**PROBLEM DESCRIPTION:**
Would you repeat the whole listing exactly, pictures excluded?

**MATERIAL FOR THIS TASK:**
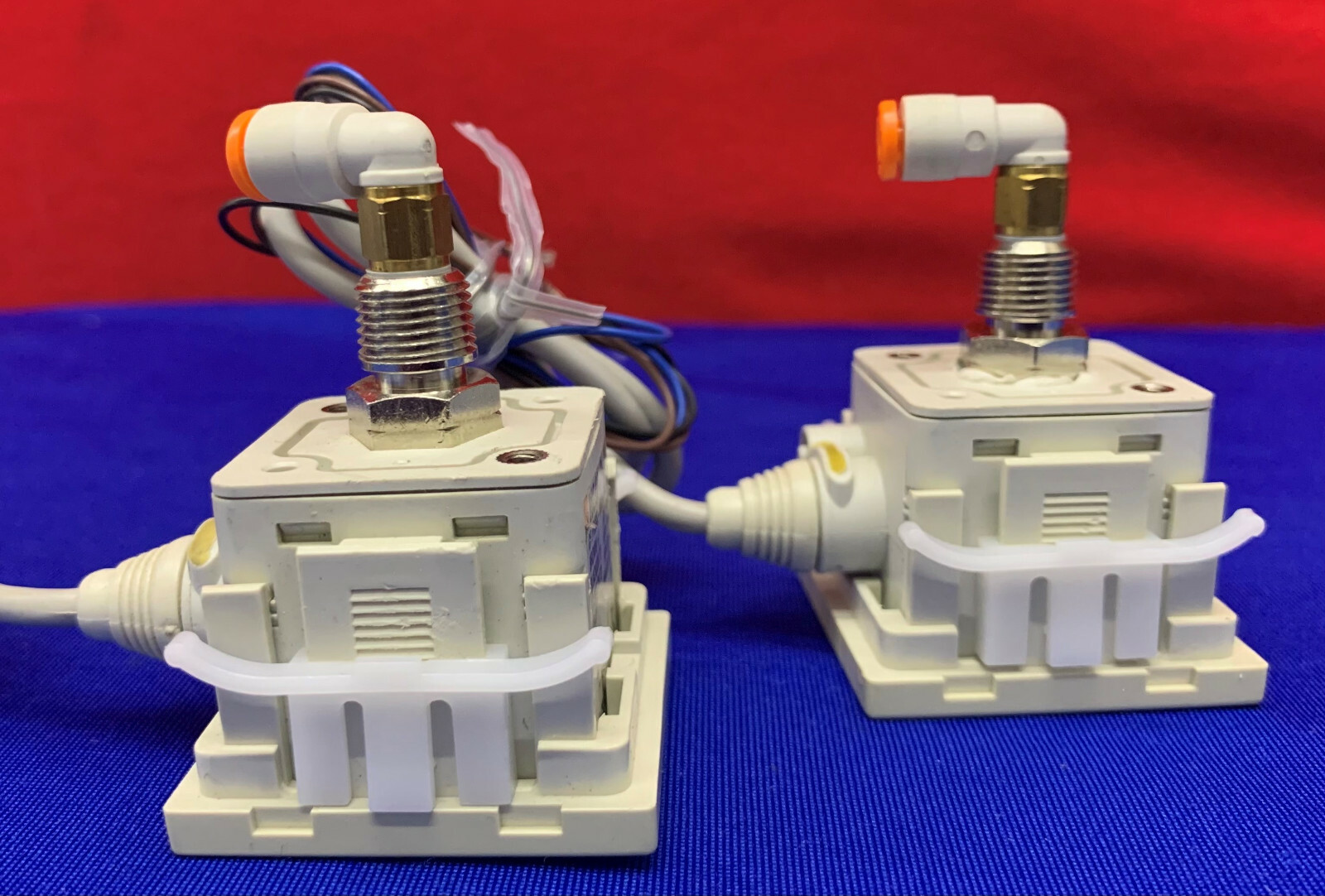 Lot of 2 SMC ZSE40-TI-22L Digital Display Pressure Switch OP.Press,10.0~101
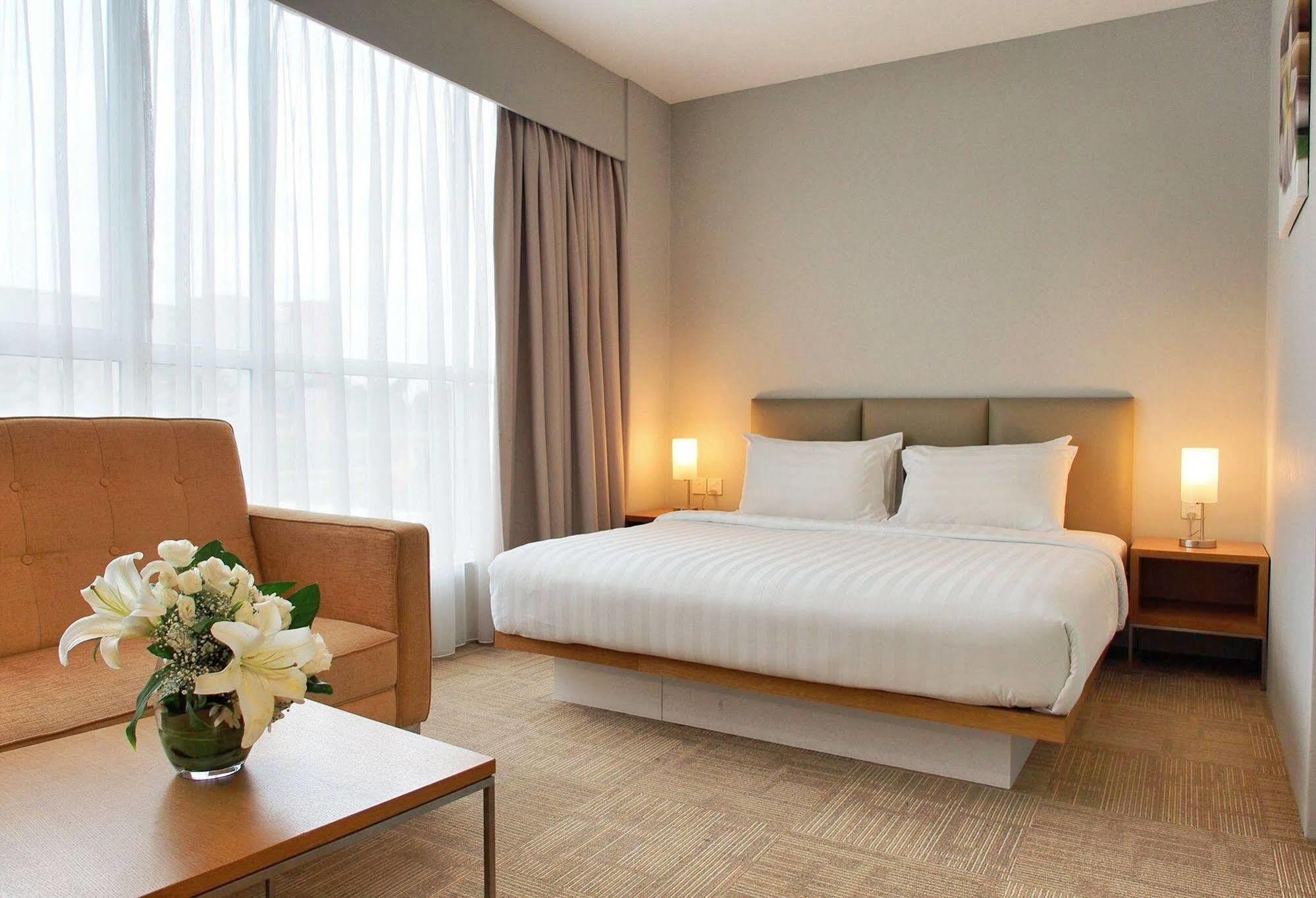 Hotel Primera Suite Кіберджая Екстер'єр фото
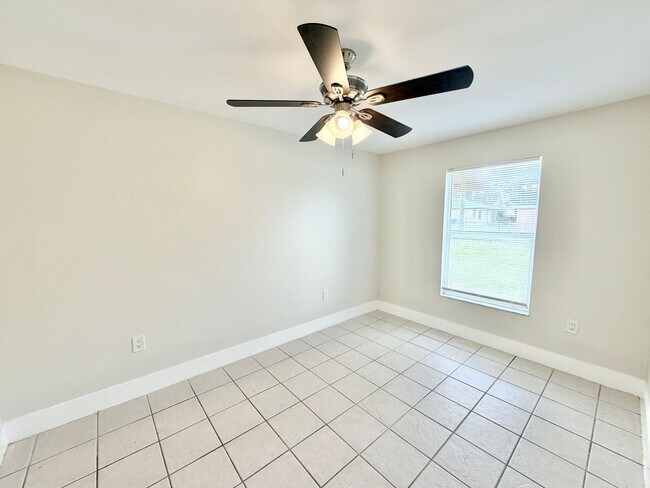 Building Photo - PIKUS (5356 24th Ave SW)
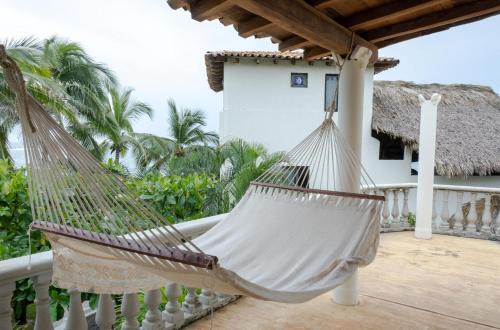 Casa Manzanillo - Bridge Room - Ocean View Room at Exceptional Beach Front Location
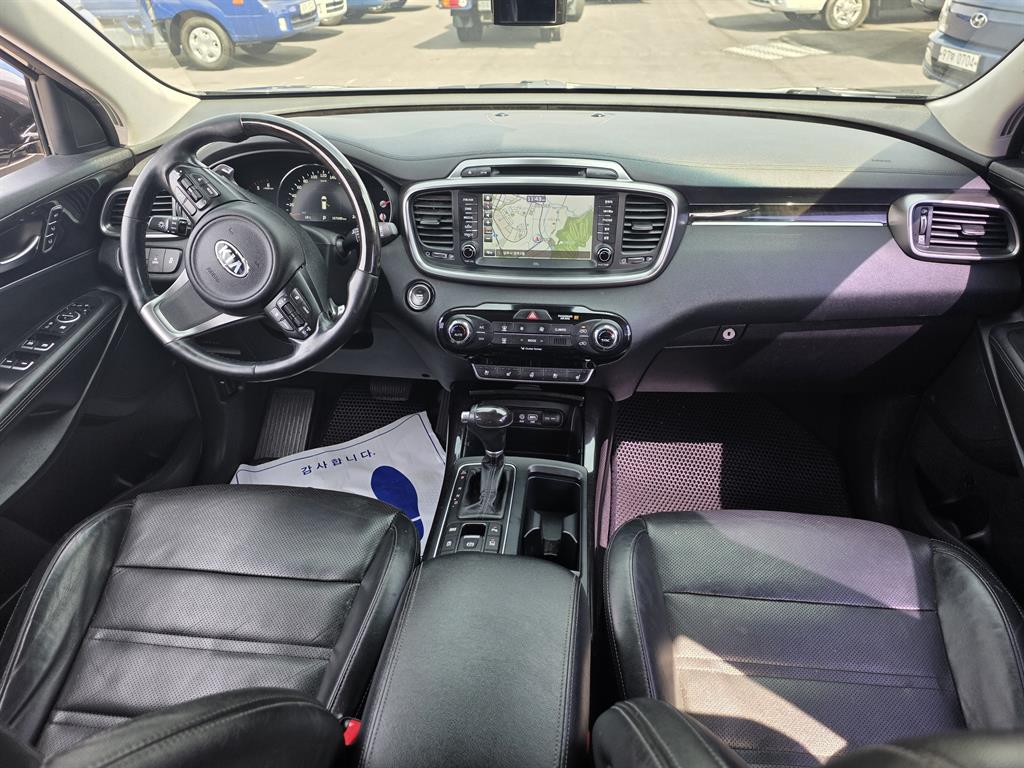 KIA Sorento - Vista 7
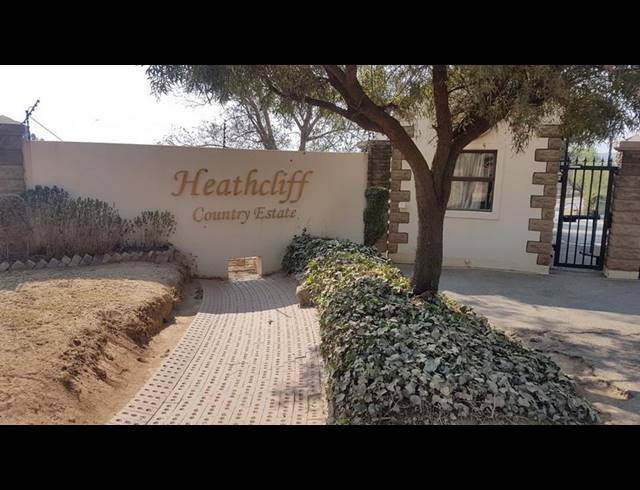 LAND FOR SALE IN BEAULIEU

**TASK RESULT:**
 Lot of 2 SMC ZSE40-TI-22L Digital Display Pressure Switch OP.Press,10.0~101
 Hotel Primera Suite Кіберджая Екстер'єр фото
 Building Photo - PIKUS (5356 24th Ave SW)
 Casa Manzanillo - Bridge Room - Ocean View Room at Exceptional Beach Front Location
 KIA Sorento - Vista 7
 LAND FOR SALE IN BEAULIEU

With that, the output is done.